Um acaso, chamado curiosidade, fez-me entrar, há
poucos anos, na Igreja de São Domingos. Entrei na certeza que iria encontrar
uma igreja como as outras, sumptuosa na talha
dourada e acompanhada por imagens e pinturas valiosas. Mas não.
Lembro-me de ter tido um choque visual, seguido de uma grande comoção. A sensação
foi a de estar a entrar numa espécie de cenário de guerra, isto porque a igreja
conserva, no seu interior, as marcas de um violento
incêndio que sofreu em 1959 e que fez com que a igreja estivesse
fechada até 1994. A pedra queimada parece chorar silenciosamente... não sei se
os pecados dos/as crentes ou os da própria Igreja.
Reza a história que foi na Igreja
de São Domingos que começou o massacre dos judeus na cidade, em 1506. Durante
três dias, homens, mulheres e crianças foram torturados/as e queimados/as em
fogueiras, bem junto à Igreja. Talvez por isso, hoje, bem perto da praça da
Igreja, possamos ler, num muro: "Lisboa, Cidade da Tolerância". Talvez
por isso, quase como por ironia do destino, este seja um lugar feito de
diversidades multiculturais. Um lugar de passagem onde, talvez, alguém repare
nas palavras.
quarta-feira, 21 de junho de 2017
Os 'algarves' da minha vida
Desde pequena, o Algarve sempre foi o destino de férias da família. Lembro-me com saudades das viagens... viagens longas, como era a distância! Primeiro de comboio, depois de carro. Viagens inesquecíveis, onde só a criatividade de se ser criança conseguia sobrepor-se a viagens de carro sem ar condicionado pelas nacionais povoadas de um qualquer Agosto. Todos os anos rumávamos de norte a sul, como milhares de outros/as portugueses/as. Era a garantia certa de umas boas férias de praia. Conheci o Algarve de lés-a-lés, mas era na confusão e na animação de Portimão, Albufeira, Vila Moura ou Armação de Pêra que gostávamos de estar. Os dias e as noites fundiam-se com a água salgada do mar, o calor do sol, as festas, os sunsets, os drinks e os ice-creams. Sim, já na altura precisávamos de falar inglês para nos safarmos ☺ Depois crescemos... (pensamos nós!!) e começamos a querer passar férias com os nossos amigos e amigas. Nesse momento deixei de ir para o Algarve com os meus pais... não porque não gostasse, mas porque crescemos (pensamos nós!!). Juntou-se a isto a sensação de que o Algarve já não era para os “seus” mas para os “outros”. E rapidamente tornei-me “outra” noutras terras.

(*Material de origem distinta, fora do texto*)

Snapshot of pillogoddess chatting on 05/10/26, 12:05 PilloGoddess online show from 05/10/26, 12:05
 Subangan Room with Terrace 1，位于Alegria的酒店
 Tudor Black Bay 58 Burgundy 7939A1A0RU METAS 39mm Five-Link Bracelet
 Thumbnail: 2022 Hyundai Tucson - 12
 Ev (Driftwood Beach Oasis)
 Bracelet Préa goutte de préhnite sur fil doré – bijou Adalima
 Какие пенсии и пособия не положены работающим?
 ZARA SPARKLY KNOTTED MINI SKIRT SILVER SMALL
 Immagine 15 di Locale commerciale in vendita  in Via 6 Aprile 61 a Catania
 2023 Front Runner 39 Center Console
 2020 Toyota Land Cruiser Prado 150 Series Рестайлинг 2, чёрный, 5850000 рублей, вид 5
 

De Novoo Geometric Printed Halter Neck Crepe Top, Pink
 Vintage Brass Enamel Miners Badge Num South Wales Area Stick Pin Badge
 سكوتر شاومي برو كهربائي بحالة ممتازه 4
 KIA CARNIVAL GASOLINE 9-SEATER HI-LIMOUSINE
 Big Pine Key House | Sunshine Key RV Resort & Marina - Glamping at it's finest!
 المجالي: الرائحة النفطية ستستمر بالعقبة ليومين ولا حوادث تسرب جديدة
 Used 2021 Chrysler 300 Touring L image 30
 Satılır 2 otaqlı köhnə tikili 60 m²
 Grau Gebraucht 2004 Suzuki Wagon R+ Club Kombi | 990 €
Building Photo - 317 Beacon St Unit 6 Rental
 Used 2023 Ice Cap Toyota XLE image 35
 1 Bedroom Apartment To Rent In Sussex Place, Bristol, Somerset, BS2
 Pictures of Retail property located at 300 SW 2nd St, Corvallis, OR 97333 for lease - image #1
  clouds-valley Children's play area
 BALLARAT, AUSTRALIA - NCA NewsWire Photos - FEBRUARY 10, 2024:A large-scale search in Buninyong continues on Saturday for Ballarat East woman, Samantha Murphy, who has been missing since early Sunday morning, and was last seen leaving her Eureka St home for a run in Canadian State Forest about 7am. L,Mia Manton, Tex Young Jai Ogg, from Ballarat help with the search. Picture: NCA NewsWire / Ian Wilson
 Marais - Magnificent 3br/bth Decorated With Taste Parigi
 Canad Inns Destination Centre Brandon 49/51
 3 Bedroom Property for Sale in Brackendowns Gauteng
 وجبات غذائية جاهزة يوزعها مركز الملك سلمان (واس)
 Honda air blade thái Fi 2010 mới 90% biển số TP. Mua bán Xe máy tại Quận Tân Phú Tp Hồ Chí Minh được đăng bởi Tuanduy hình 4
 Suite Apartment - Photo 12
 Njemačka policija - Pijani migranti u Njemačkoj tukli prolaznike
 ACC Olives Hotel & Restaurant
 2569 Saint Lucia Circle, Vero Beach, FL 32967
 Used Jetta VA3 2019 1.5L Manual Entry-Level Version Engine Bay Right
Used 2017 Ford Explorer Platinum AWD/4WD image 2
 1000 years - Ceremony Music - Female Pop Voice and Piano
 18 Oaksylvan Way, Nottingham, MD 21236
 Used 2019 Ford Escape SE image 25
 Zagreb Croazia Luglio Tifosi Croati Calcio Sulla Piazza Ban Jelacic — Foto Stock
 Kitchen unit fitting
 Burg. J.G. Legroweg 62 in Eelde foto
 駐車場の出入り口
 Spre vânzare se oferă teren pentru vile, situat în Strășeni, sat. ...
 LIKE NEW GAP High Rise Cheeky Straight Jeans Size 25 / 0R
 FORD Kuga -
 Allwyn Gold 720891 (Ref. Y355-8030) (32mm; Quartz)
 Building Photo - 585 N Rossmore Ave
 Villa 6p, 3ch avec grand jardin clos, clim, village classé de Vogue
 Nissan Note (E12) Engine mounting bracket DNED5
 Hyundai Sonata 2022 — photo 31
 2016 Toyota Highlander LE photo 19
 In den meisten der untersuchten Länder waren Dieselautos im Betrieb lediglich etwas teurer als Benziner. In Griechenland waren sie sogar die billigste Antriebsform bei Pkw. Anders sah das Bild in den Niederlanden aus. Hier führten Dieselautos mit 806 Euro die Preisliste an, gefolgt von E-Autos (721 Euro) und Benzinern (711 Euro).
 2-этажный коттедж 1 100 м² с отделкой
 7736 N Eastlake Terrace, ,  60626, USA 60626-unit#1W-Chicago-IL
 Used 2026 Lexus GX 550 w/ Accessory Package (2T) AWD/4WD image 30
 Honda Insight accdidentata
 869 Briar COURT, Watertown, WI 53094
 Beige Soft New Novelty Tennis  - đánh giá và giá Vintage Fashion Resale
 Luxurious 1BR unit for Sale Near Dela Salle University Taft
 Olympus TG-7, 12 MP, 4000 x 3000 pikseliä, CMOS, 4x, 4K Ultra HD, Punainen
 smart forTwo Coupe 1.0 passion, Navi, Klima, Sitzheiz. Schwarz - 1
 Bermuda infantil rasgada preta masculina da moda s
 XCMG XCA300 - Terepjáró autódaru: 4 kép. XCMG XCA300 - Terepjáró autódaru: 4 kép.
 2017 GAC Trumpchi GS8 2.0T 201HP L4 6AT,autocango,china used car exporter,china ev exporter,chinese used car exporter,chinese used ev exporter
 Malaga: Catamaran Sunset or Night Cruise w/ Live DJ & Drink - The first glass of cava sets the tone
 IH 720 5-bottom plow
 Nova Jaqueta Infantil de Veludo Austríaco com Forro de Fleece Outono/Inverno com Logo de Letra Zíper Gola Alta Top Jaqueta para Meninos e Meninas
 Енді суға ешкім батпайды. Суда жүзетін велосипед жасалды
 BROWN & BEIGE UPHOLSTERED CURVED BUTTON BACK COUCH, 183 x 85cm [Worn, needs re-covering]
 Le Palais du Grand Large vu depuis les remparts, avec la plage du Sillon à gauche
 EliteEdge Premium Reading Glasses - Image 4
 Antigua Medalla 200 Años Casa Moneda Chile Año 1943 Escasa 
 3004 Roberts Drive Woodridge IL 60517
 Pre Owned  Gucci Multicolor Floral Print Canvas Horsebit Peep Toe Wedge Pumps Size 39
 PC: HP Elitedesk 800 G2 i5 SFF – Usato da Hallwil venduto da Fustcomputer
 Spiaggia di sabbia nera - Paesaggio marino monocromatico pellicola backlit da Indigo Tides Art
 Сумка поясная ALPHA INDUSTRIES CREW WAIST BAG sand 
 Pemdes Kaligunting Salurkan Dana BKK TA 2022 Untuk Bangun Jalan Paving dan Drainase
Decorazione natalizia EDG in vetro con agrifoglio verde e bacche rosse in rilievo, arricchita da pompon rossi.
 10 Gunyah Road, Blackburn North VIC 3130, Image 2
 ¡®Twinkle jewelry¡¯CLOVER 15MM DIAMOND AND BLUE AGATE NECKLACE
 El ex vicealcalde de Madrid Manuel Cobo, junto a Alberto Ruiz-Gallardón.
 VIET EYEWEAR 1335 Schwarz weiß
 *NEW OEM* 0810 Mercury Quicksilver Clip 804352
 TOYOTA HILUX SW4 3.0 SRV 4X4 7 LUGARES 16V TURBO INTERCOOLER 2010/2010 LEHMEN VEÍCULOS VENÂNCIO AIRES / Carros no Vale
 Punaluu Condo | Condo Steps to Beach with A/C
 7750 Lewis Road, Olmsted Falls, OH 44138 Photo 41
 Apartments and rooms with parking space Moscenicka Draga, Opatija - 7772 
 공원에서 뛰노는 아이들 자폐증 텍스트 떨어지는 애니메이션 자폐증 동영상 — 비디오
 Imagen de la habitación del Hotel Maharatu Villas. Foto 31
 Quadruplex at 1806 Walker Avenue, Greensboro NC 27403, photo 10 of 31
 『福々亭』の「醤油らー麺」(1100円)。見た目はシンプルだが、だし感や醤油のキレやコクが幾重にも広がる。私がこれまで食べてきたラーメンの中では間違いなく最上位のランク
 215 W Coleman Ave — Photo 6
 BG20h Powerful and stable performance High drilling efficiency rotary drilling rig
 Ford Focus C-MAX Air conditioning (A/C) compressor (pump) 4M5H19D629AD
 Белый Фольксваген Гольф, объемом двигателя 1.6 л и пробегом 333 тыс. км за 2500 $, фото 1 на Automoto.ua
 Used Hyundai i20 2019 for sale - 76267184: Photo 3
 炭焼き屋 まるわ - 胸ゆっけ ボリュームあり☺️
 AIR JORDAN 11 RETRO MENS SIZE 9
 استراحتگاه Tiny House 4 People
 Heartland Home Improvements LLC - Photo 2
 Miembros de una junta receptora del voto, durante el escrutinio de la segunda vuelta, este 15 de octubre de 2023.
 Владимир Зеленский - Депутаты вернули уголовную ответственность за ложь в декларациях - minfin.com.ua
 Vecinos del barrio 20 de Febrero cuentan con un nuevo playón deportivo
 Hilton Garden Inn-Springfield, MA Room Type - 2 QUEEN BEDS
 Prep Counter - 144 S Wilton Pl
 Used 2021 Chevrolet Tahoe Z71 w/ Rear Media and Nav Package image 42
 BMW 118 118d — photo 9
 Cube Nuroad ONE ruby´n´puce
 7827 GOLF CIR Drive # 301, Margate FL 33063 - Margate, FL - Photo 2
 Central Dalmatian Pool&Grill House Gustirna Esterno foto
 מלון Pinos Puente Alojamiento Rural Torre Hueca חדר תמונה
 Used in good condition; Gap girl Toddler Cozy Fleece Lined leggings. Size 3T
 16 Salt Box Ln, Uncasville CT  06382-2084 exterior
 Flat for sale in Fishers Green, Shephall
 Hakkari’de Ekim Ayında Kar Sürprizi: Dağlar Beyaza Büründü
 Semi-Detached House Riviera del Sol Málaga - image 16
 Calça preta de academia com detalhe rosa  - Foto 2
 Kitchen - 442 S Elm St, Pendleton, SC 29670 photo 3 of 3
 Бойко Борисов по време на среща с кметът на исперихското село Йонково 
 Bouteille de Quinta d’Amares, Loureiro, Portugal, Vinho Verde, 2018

Depois crescemos mais um pouco, e sentimos a necessidade de fazer regressos. E passados alguns anos volto ao Algarve e reapaixono-me. Já não pelo movimento e pela confusão, mas pela paz e pela tranquilidade de lugares como a Fuseta (vila inserida no coração do Parque Natural da Ria Formosa) e as suas praias, planas, de água quente e areia branca e limpa - como as praias da Ilha da Fuseta, da Barra Nova ou da Barra Velha. A travessia faz-se de barco (aqua-taxi), a partir do cais, perto do porto de pesca, feito de gentes simples. Dez minutos e chegamos a uma espécie de paraíso.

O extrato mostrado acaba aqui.